Fri, 13 May 2005

Discovery of new polio cases spark fears of outbreak

Rendi A. Witular, The Jakarta Post, Jakarta

Minister of Health Siti Fadilah Supari confirmed on Thursday that two more cases of polio were discovered in Sukabumi regency, West Java, sparking fears of a serious outbreak of the crippling virus in the country.

The new cases bring the number of known polio sufferers in the regency to six.

"As of today, there are six confirmed polio cases in Sukabumi," she said.

To prevent the spread of the incurable disease to neighboring regions, Siti said, the local health authorities are "isolating" the polio-affected area and forbidding the victims from leaving their villages.

After having been declared polio-free in 1995, Indonesia has now seen the reemergence of the disease. The first case since 1995 was found recently in Sukabumi, around 60 kilometers south of Jakarta.

All of the recent victims have been children, whose parents neglected to immunize them.

Health officials claim that this most recent polio virus likely was contracted in Saudi Arabia, which had a recent outbreak, apparently due to contact with people from Africa where at least two countries are still fighting to bring the virus under control.

The virus, the officials suspect, may have been carried by Indonesian migrant workers or pilgrims returning from Mecca.

Siti said the government had no plans to examine any tourists or businesspeople from Africa at seaports or airports as it was not deemed necessary.

"We will focus on national surveillance and mass immunization in West Java, Jakarta and Banten," she said.

The national immunization program is scheduled to start on May 31 and be completed in late June, for more than 5.6 million children, mostly those most vulnerable to polio.

After the discovery of the new cases in Sukabumi, there have been many other reports of paralyzed children across western Java.
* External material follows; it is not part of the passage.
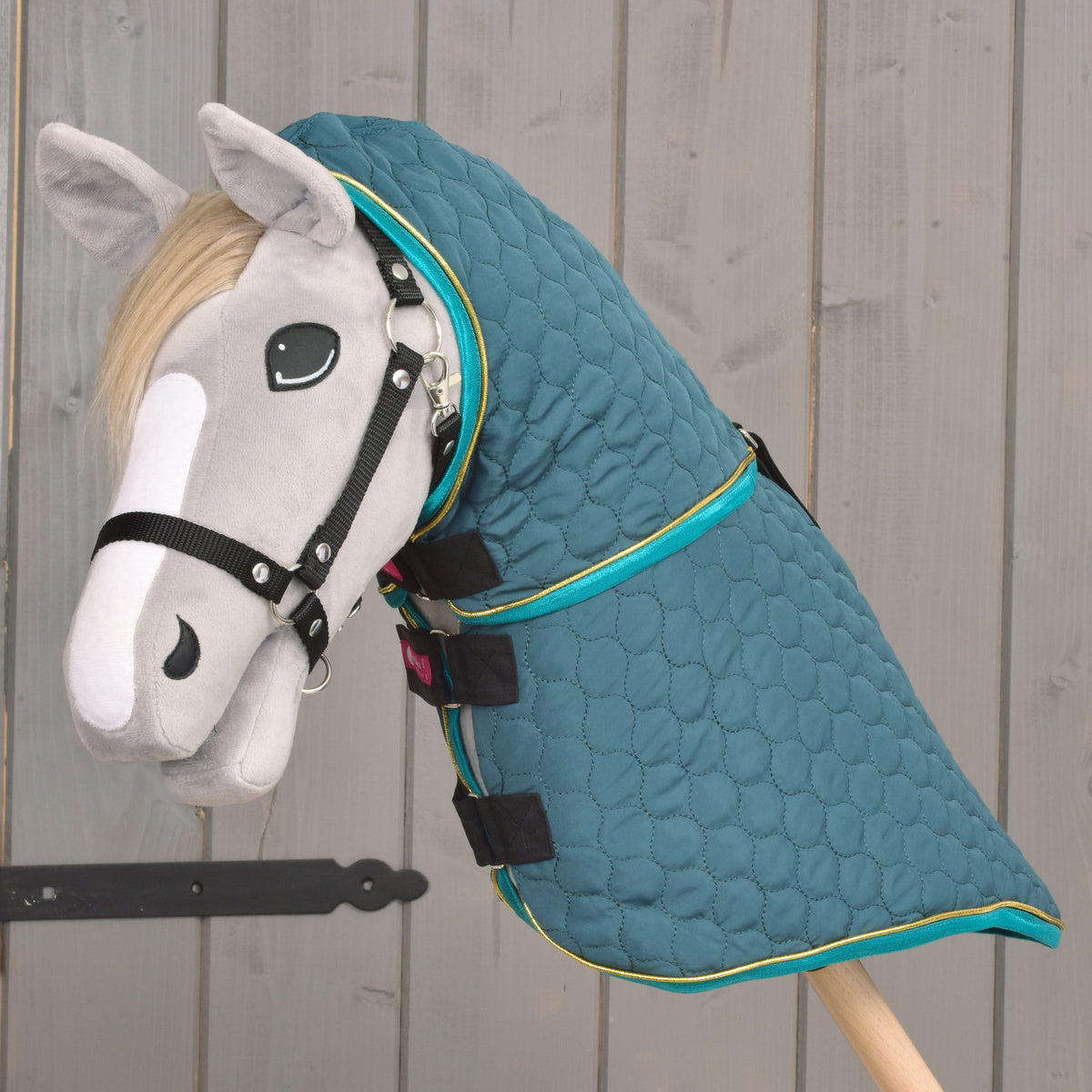 Quilted green Hobby Horse blanket with removable neck cover worn on a grey Hobby Horse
However, none outside of Sukabumi regency have been diagnosed as polio.

The Sukabumi health agency has reported 16 cases of possible polio in people that have come into contact with patients. "But none of them have shown symptoms of polio such as paralysis," ministry of health official, Yussharmen, said.

Jakarta health agency head Abdul Chalik Masulili said on Wednesday that his office was examining 17 cases of child paralysis in the capital, to find out whether any are polio.

The local authorities were now trying to immunize the estimated 800,000 children under five-years-old in the city, he added.

Poliomyelitis, widely known as polio, is a highly infectious viral disease that invades the nervous system and can cause total paralysis, even death.

The virus enters the body through the mouth, and multiplies in the intestinal tract. After initial infection, the virus is shed intermittently in fecal matter for several weeks. During that period, the virus can spread rapidly through communities with substandard sanitation.

According to the World Health Organization, one in 200 infections leads to irreversible paralysis, usually affecting the legs.

Transmissions of the virus by immune and partially immune adults and children are also possible.